[GOAL OF THE EXERCISE] Give back every entry precisely as written, without any of the images.

□ □ □ □ □ □ □

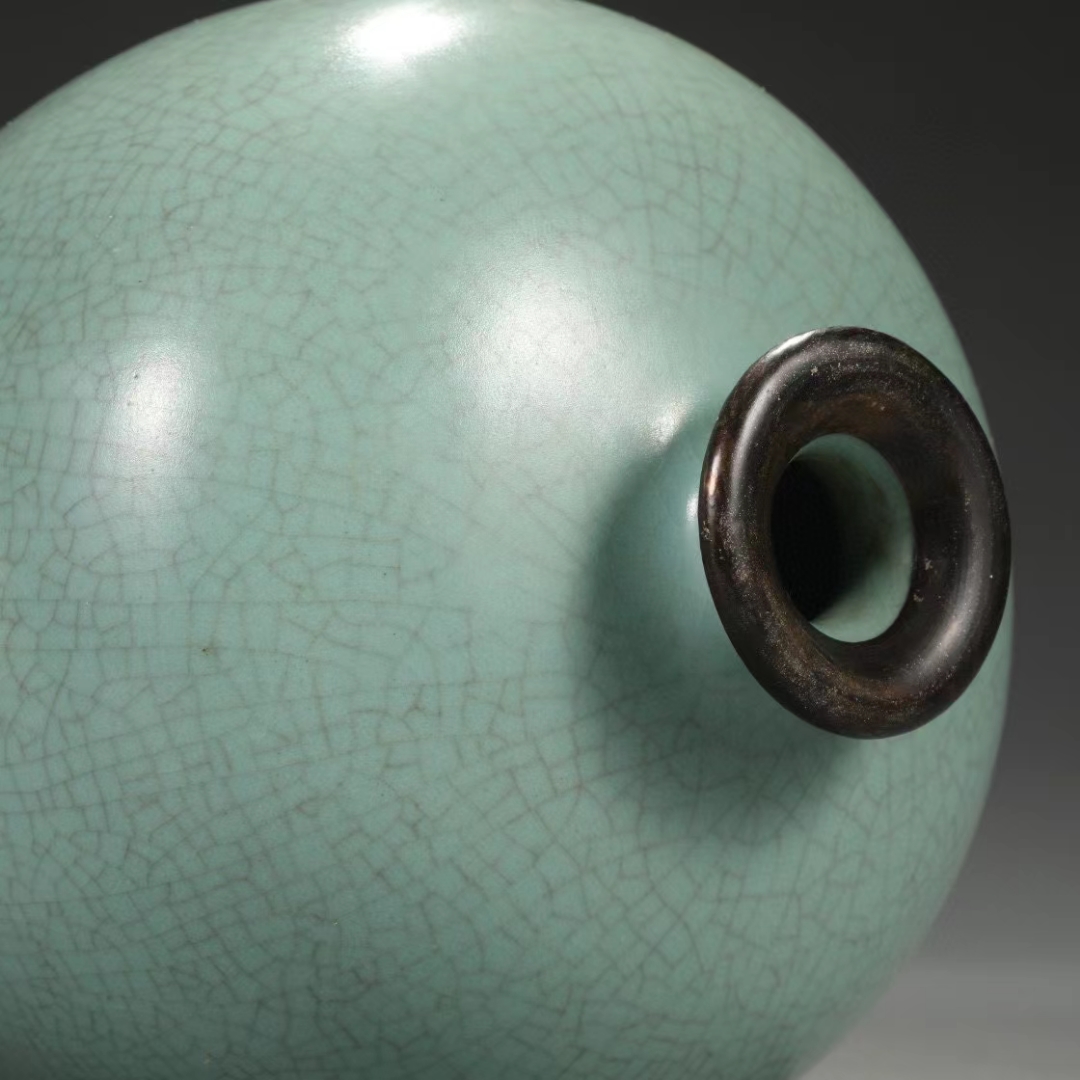 精品收藏 北宋 汝窑天青釉银口大梅瓶"乾隆御题"款.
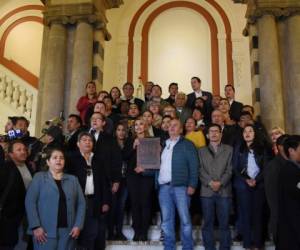 La vicepresidenta del Senado, Jeanine Anez, sostiene los cuatro evangelios canónicos mientras posa en el Palacio Quemado en La Paz. Foto AFP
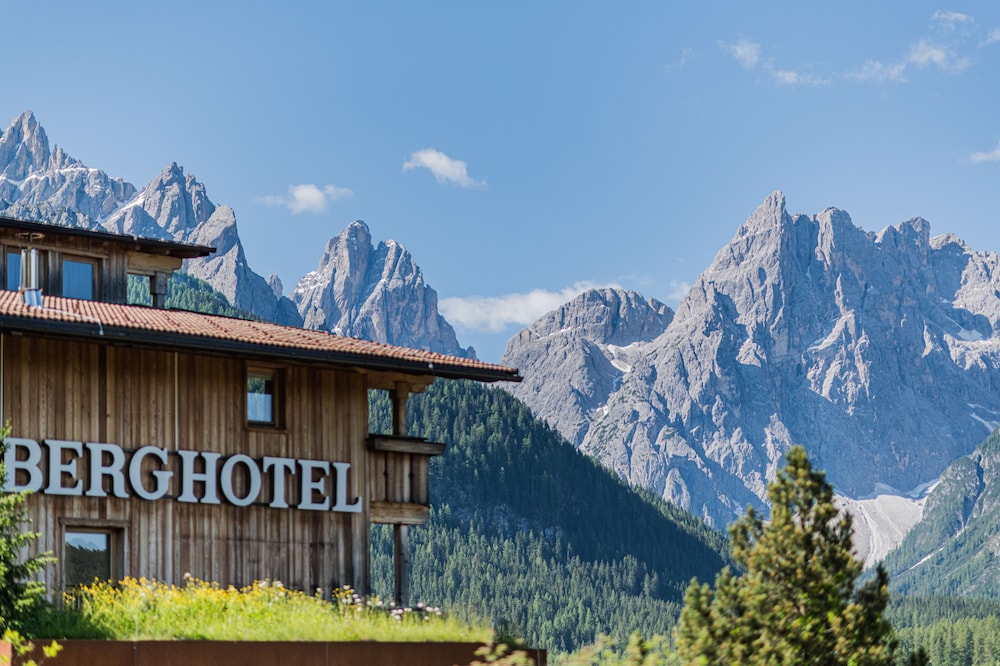 Berghotel - carbon neutral hotel in Sesto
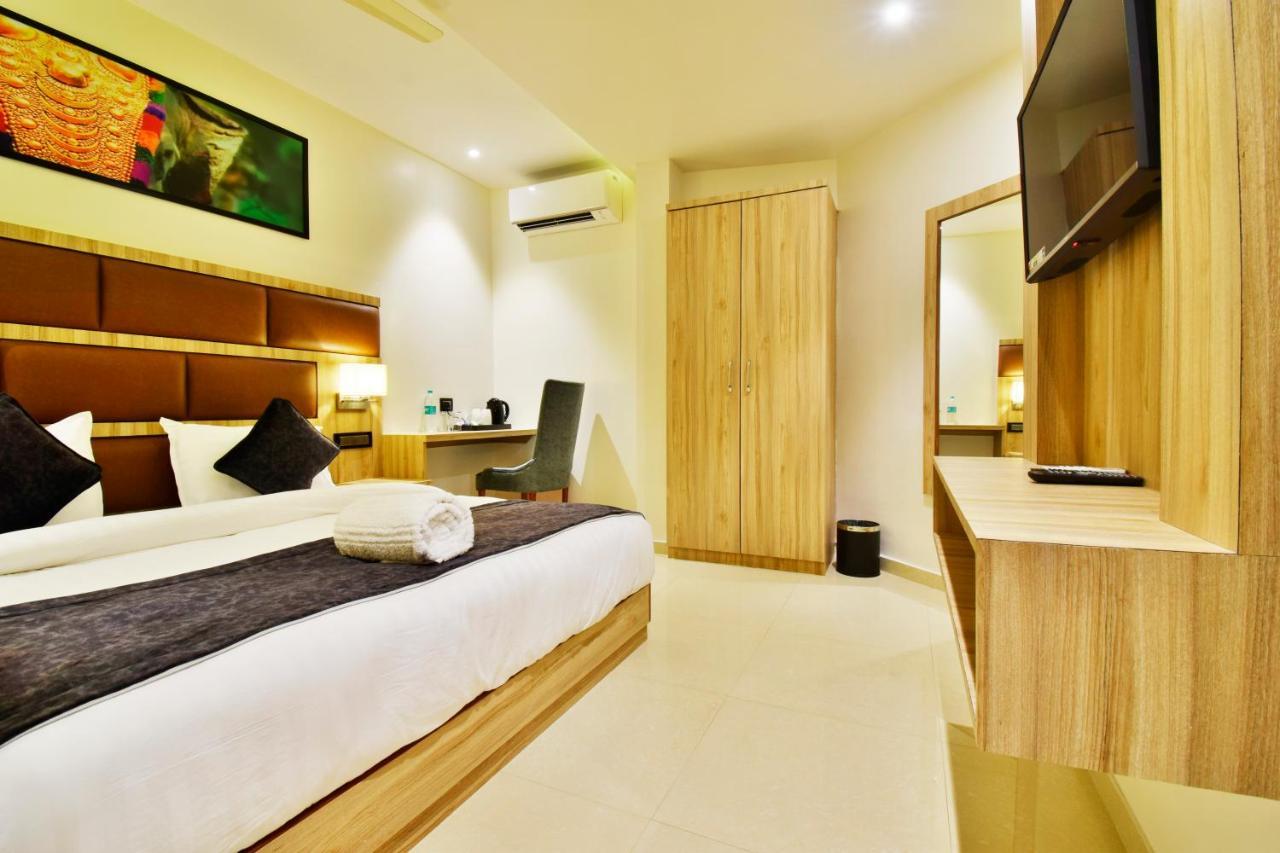 Aura One Hotel Kochi Ngoại thất bức ảnh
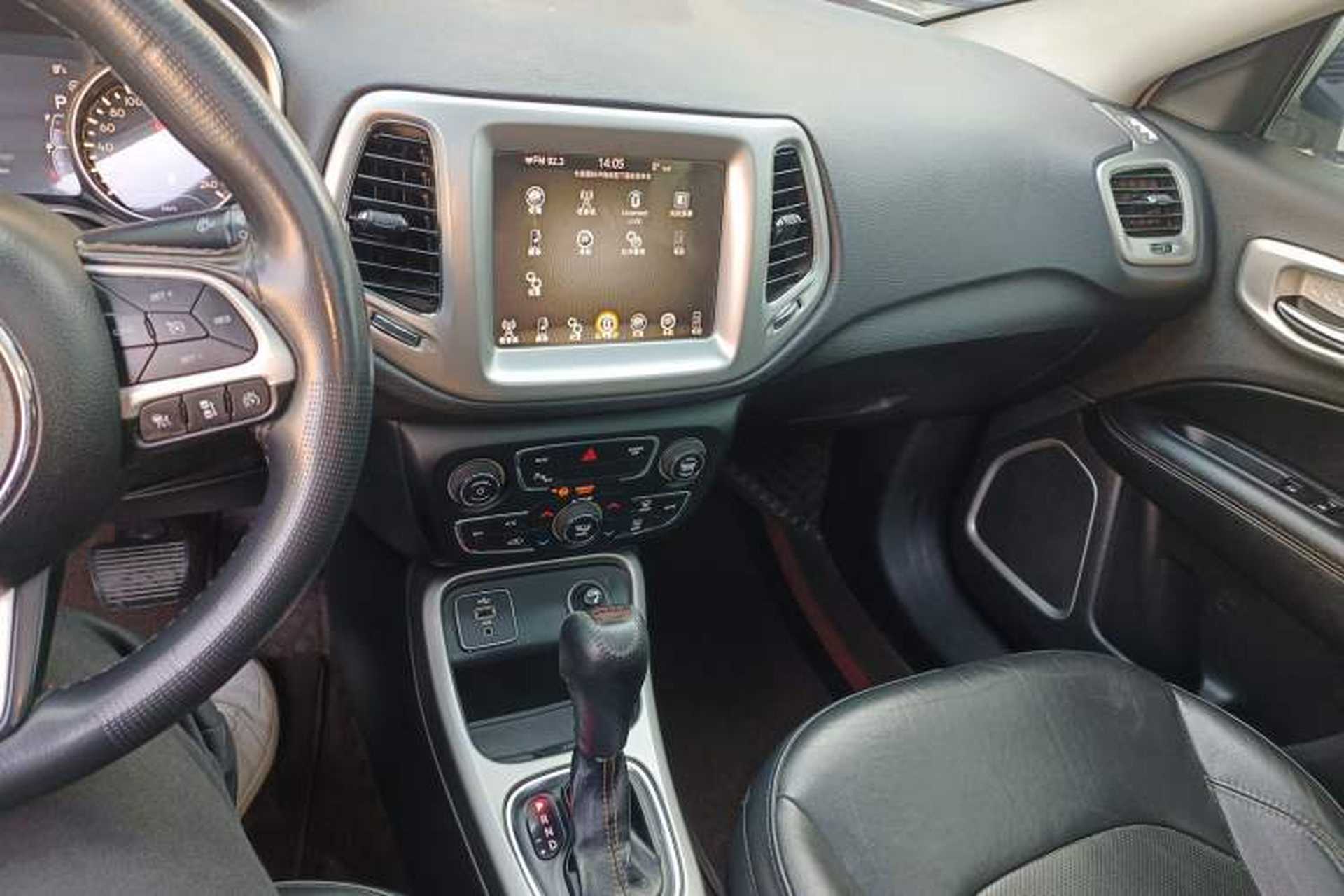 Used Jeep Compass 2017 200T Automatic Family Edition Audio And AC Panel
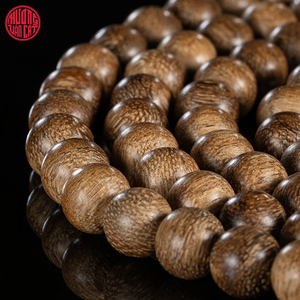 Elegante Rosario de Agarwood con 108 Cuentas de 8mm, Tono Oscuro, Madera de Oud de Alta Calidad, Joyería Artesanal - Product Image 2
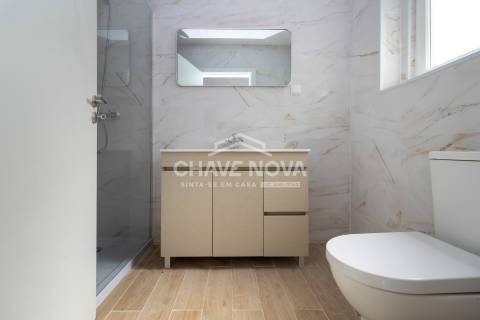 Prédio >=T10 Venda em Almada, Cova da Piedade, Pragal e Cacilhas,Almada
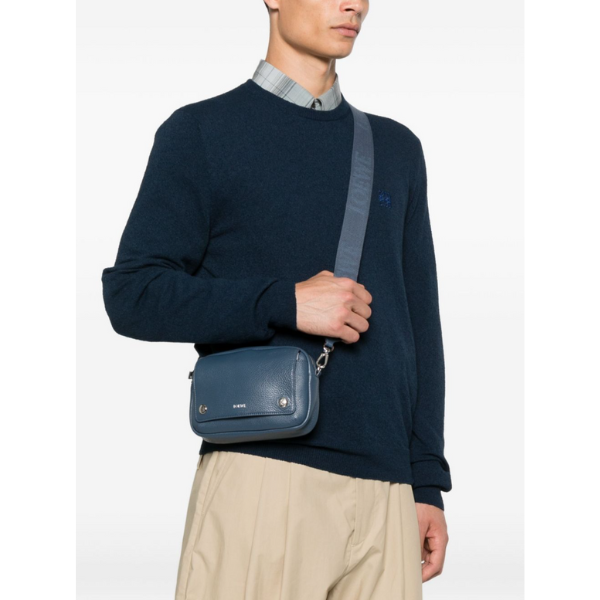 LOEWE　ペブル メッセンジャーバッグ スモール（サプルグレインカーフ）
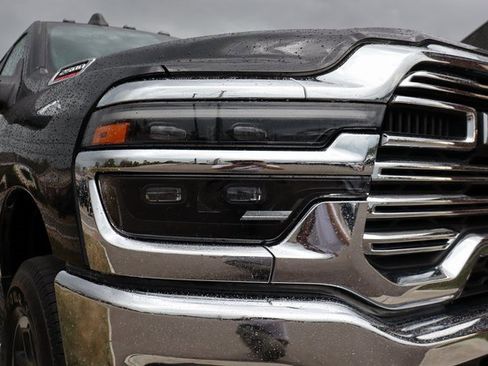 Used 2025 RAM 2500 Laramie image 5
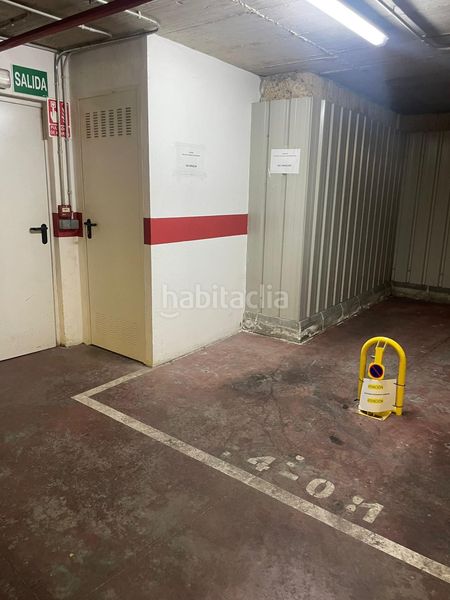 Foto 24827eb9-1e7f-4c1a-bdaa-2b7ca87c96ac. Aparcament cotxe a San Vicente Sevilla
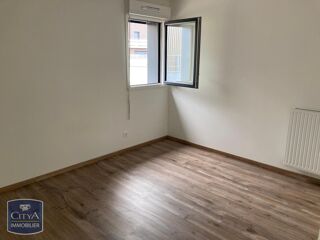  Appartement à louer 2 pièces 50 m²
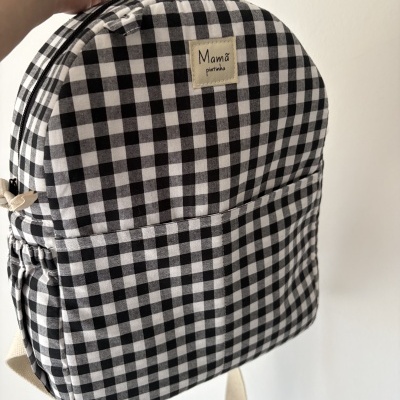 Mochila de tecido com padrão xadrez preto e branco e etiqueta Mamã pintinha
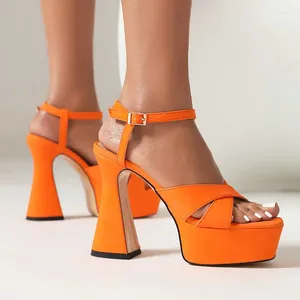 Sandales 2024 Orange Rose Mode Filles Chaussures d'été Fête d'anniversaire Mariage Talons de mariée Bout ouvert Femme Robe Pompes Plate-forme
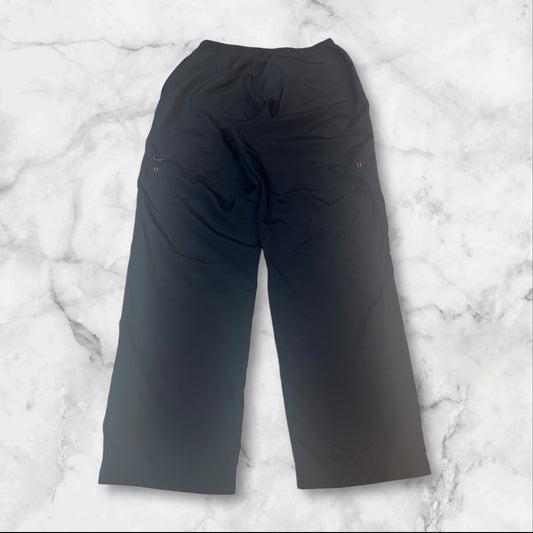 Entdecke unsere Vintage Track Pants von Nike und anderen Marken, erhältlich bei Valuxery.de - Dein Shop für trendige Vintage - Kleidung. Unsere Track Pants sind aus hochwertigen Materialien und
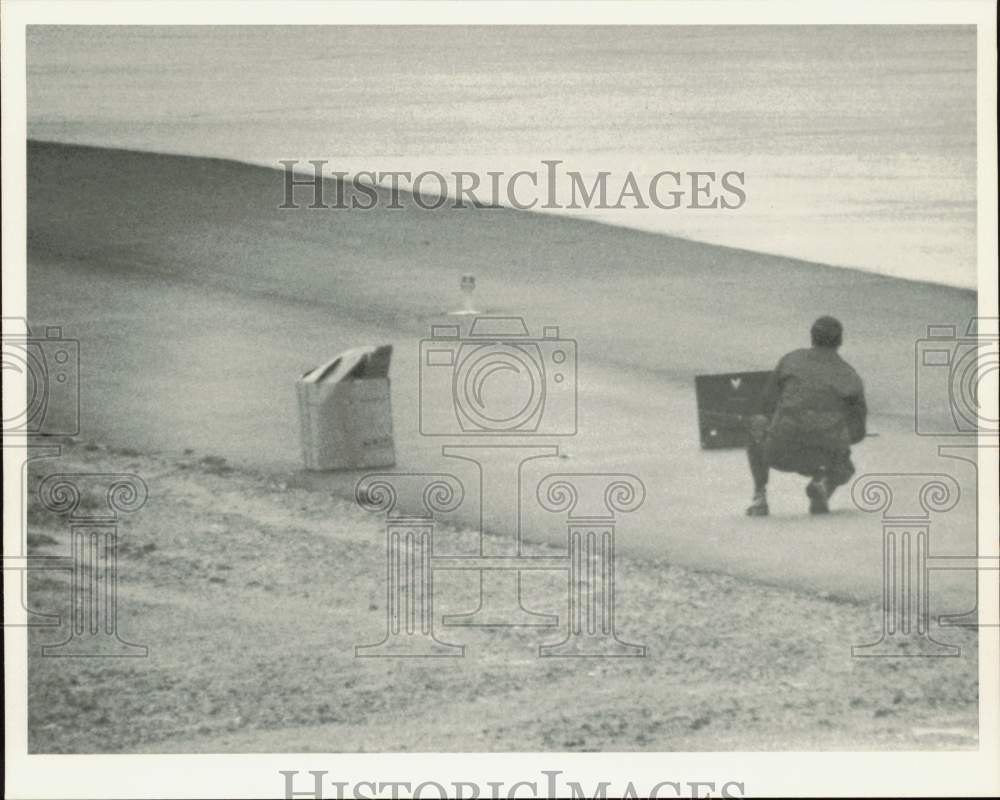 1984 Press Photo Pete Toomey checks inspect box at Charlotte Douglas Airport- Historic Images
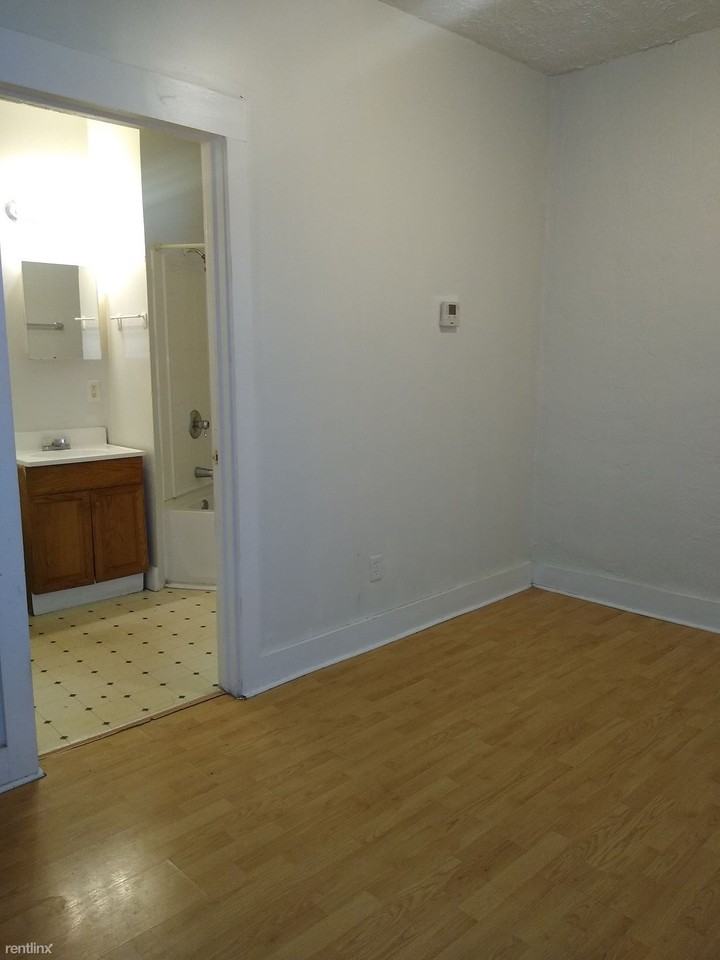 153 Grove Ave - Photo 3 of 7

□ □ □ □ □ □ □

[RESPONSE BELOW]
 精品收藏 北宋 汝窑天青釉银口大梅瓶"乾隆御题"款.
 La vicepresidenta del Senado, Jeanine Anez, sostiene los cuatro evangelios canónicos mientras posa en el Palacio Quemado en La Paz. Foto AFP
 Berghotel - carbon neutral hotel in Sesto
 Aura One Hotel Kochi Ngoại thất bức ảnh
 Used Jeep Compass 2017 200T Automatic Family Edition Audio And AC Panel
 Elegante Rosario de Agarwood con 108 Cuentas de 8mm, Tono Oscuro, Madera de Oud de Alta Calidad, Joyería Artesanal - Product Image 2
 Prédio >=T10 Venda em Almada, Cova da Piedade, Pragal e Cacilhas,Almada
 LOEWE　ペブル メッセンジャーバッグ スモール（サプルグレインカーフ）
 Used 2025 RAM 2500 Laramie image 5
 Foto 24827eb9-1e7f-4c1a-bdaa-2b7ca87c96ac. Aparcament cotxe a San Vicente Sevilla
  Appartement à louer 2 pièces 50 m²
 Mochila de tecido com padrão xadrez preto e branco e etiqueta Mamã pintinha
 Sandales 2024 Orange Rose Mode Filles Chaussures d'été Fête d'anniversaire Mariage Talons de mariée Bout ouvert Femme Robe Pompes Plate-forme
 Entdecke unsere Vintage Track Pants von Nike und anderen Marken, erhältlich bei Valuxery.de - Dein Shop für trendige Vintage - Kleidung. Unsere Track Pants sind aus hochwertigen Materialien und
 1984 Press Photo Pete Toomey checks inspect box at Charlotte Douglas Airport- Historic Images
 153 Grove Ave - Photo 3 of 7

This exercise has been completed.